Ojek Online Gunakan Pelindung Pembatas Antar Penumpang
Driver Grab Bike mengenakan Grab Protect pelindung yang membatasi antara pengemudi dan penumpang saat diluncurkan di Jakarta, Selasa (9/6/2020). (Liputan6.com/Faizal Fanani)

Komisi Pengawas Persaingan Usaha (KPPU) memutus bersalah PT Solusi Transportasi Indonesia (Grab Indonesia) dan PT Teknologi Pengangkutan Indonesia (TPI) atas dugaan diskriminasi terhadap mitra pengemudi mereka.

Grab Indonesia sebagai terlapor 1 dikenakan sanksi Rp 7,5 miliar atas pelanggaran pasal 14, serta Rp 22,5 miliar atas pelanggaran pasal 19 huruf d Undang-Undang Nomor 5 Tahun 1999. Sehingga secara total Grab Indonesia dikenakan denda Rp 30 miliar.
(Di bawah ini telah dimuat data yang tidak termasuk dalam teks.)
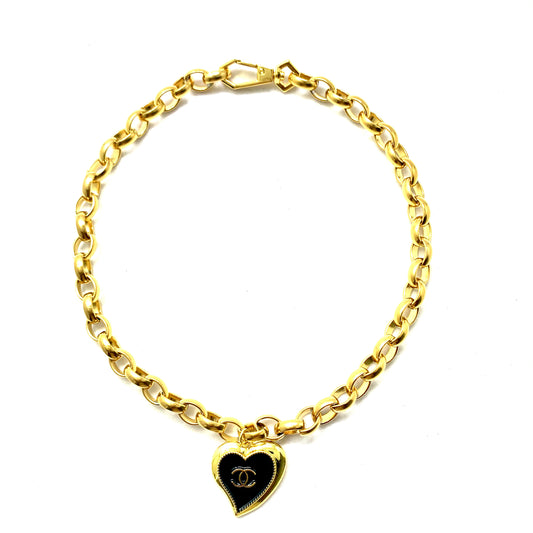 Vintage CC Irregular Heart Re-Worked Necklace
Sementara untuk PT TPI sebagai terlapor 2 dikenakan sanksi Rp 4 miliar atas pelanggaran pasal 4, dan Rp 15 miliar atas pasal 19 huruf d, dengan total denda Rp 19 miliar.

Kasus ini awalnya diinisiasi oleh KPPU pada 2019 lalu dengan laporan Nomor 13/KPPU-I/2019. Perkara ini ditindaklanjuti ke tahap penyelidikan mengenai dugaan pelanggaran integrasi vertikal (Pasal 14), tying-in (Pasal 15 ayat 2), dan praktek diskriminasi (Pasal 19 huruf d).

"Di awal perkara, KPPU menduga telah terjadi beberapa pelanggaran persaingan usaha melalui order prioritas yang diberikan Grab kepada mitra pengemudi di bawah TPI yang diduga terkait rangkap jabatan antar kedua perusahaan tersebut," jelas KPPU, seperti dikutip Sabtu (4/7/2020).

Dalam proses persidangan, Majelis Komisi menilai perjanjian kerjasama penyediaan jasa oleh Grab Indonesia selaku perusahaan penyedia aplikasi dan TPI selaku perusahaan yang bergerak di bidang jasa sewa angkutan khusus, bertujuan untuk menguasai produk jasa penyediaan aplikasi angkutan sewa khusus berbasis teknologi di Indonesia, dan mengakibatkan terjadinya penurunan jumlah mitra dan orderan dari pengemudi mitra non-TPI.

 

Praktik Diskriminasi

Ojek Online Gunakan Pelindung Pembatas Antar Penumpang
Driver Grab Bike mengenakan Grab Protect pelindung yang membatasi antara pengemudi dan penumpang saat diluncurkan di Jakarta, Selasa (9/6/2020). Penumpang ojek online (ojol) kini tak perlu khawatir menggunakan transportasi ini di tengah pandemi Corona. (Liputan6.com/Faizal Fanani)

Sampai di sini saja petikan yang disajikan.